→ Assigned task
Make the copy match the entries below exactly, with no pictures carried over.

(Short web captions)
*** Begin section ***

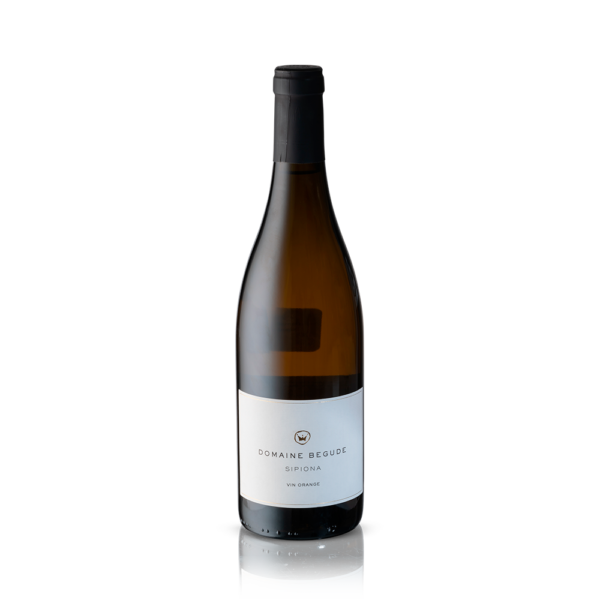 Domaine Begude Vin Orange "Sipiona" 2023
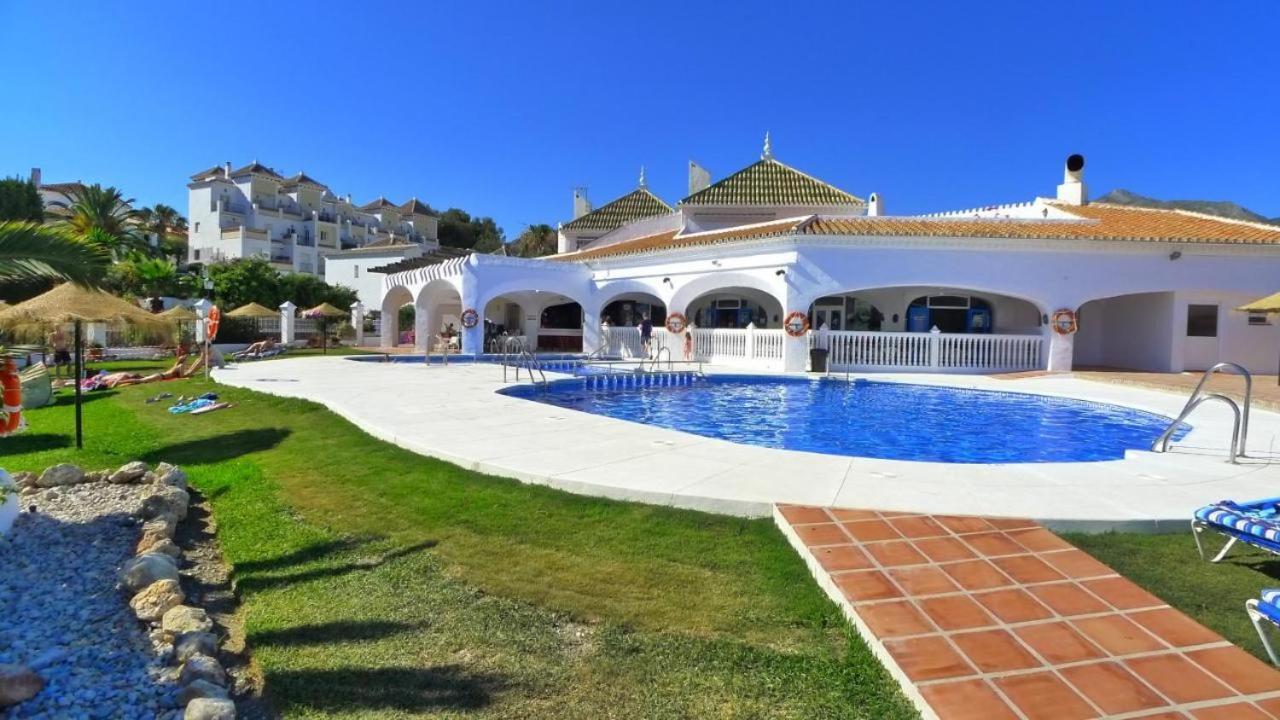 Appartement Capistrano Playa Views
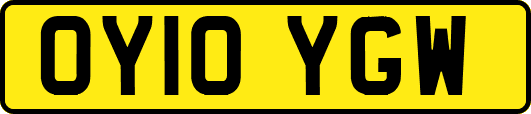 OY10YGW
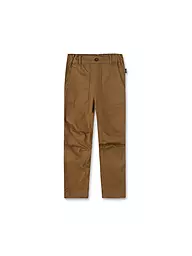 SANETTA | Jungen Hose | olive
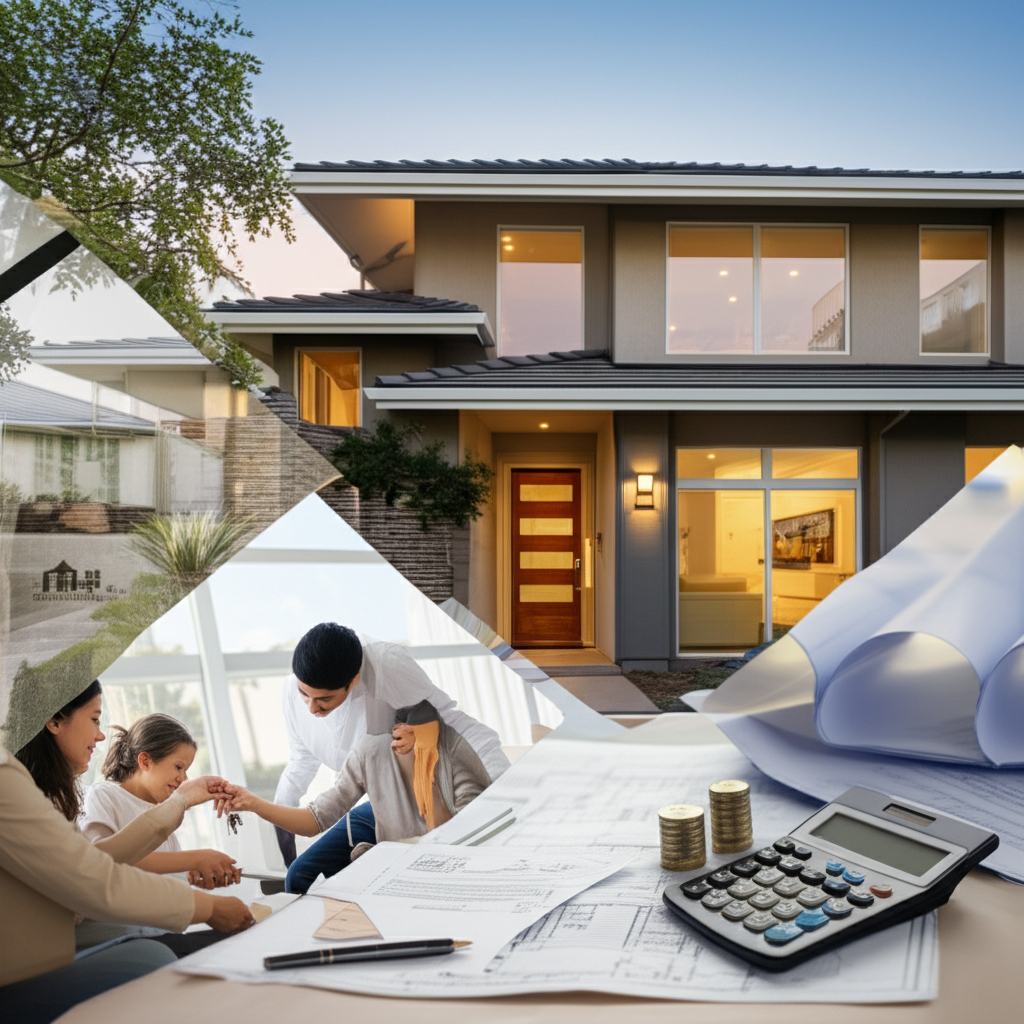 Asset-Based Mortgage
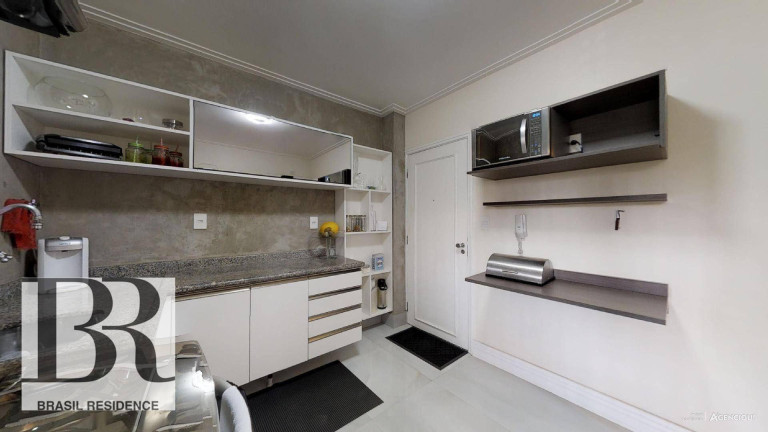 Imagem Apartamento com 1 Quarto à Venda, 93 m² em Itaim Bibi - São Paulo Imagem Apartamento com 1 Quarto à Venda, 93 m² em Itaim Bibi - São Paulo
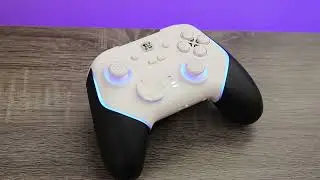 Almost Perfect | Ultra Pro Controller Hall Effect Version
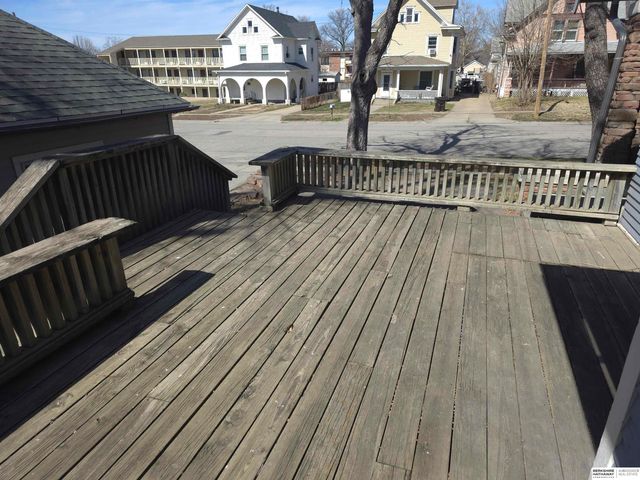 2345 R Street, Lincoln, NE 68503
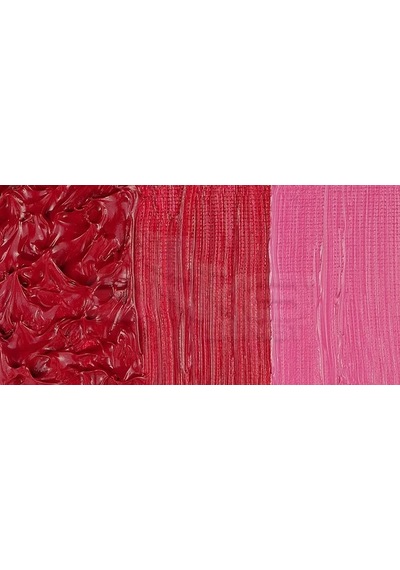 Daler Rowney Georgian Water Mixable Oil Su Bazlı Yağlı Boya 200ml 561 Rose Madder Diğer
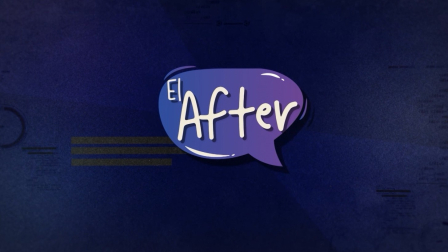 El After capítulo 196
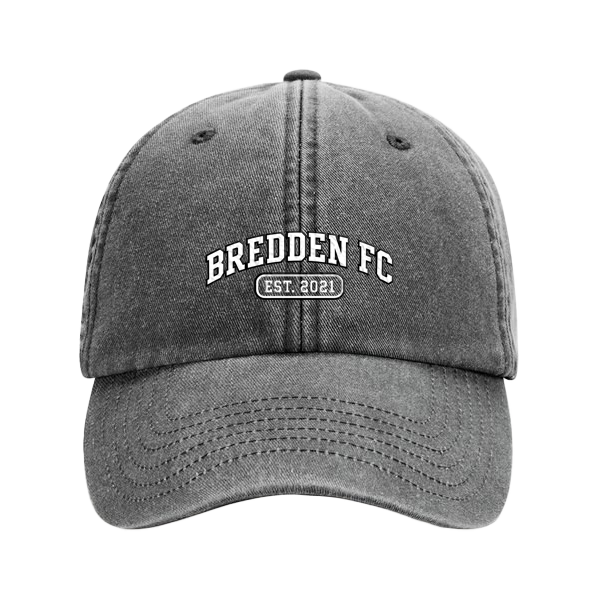 Bredden FC - Kepsen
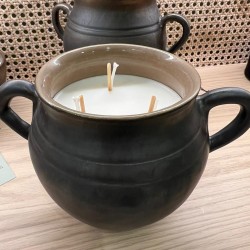 Jar (S) Bronze 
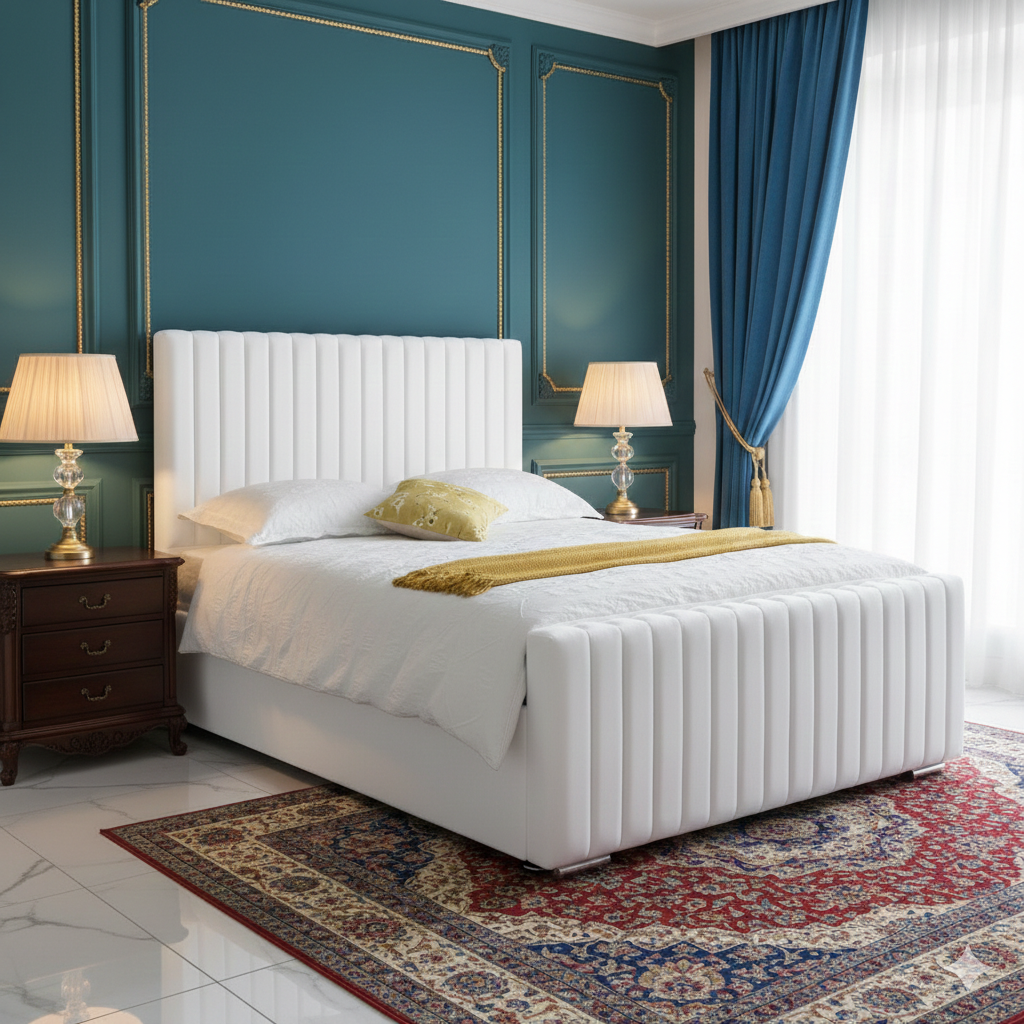 luxury Mini line bed - Image 1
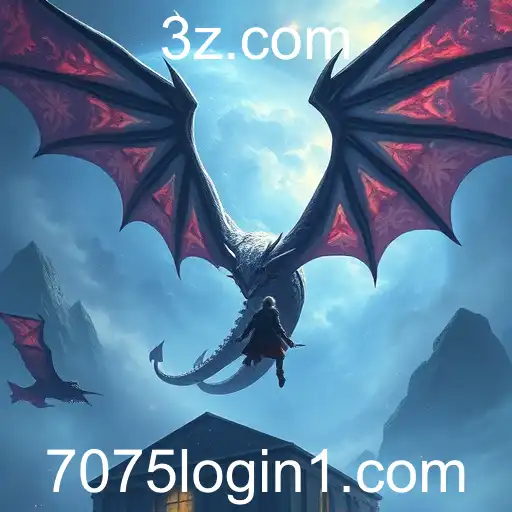 O Crescimento do 7075 Login no Universo dos Jogos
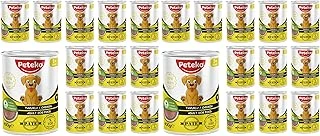 Yetişkin Tavuklu Pate 400 Gr X 12 Adet (2 Paketi) ürün görseli 1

*** End section ***

→ Task answer
 Domaine Begude Vin Orange "Sipiona" 2023
 Appartement Capistrano Playa Views
 OY10YGW
 SANETTA | Jungen Hose | olive
 Asset-Based Mortgage
 Imagem Apartamento com 1 Quarto à Venda, 93 m² em Itaim Bibi - São Paulo Imagem Apartamento com 1 Quarto à Venda, 93 m² em Itaim Bibi - São Paulo
 Almost Perfect | Ultra Pro Controller Hall Effect Version
 2345 R Street, Lincoln, NE 68503
 Daler Rowney Georgian Water Mixable Oil Su Bazlı Yağlı Boya 200ml 561 Rose Madder Diğer
 El After capítulo 196
 Bredden FC - Kepsen
 Jar (S) Bronze 
 luxury Mini line bed - Image 1
 O Crescimento do 7075 Login no Universo dos Jogos
 Yetişkin Tavuklu Pate 400 Gr X 12 Adet (2 Paketi) ürün görseli 1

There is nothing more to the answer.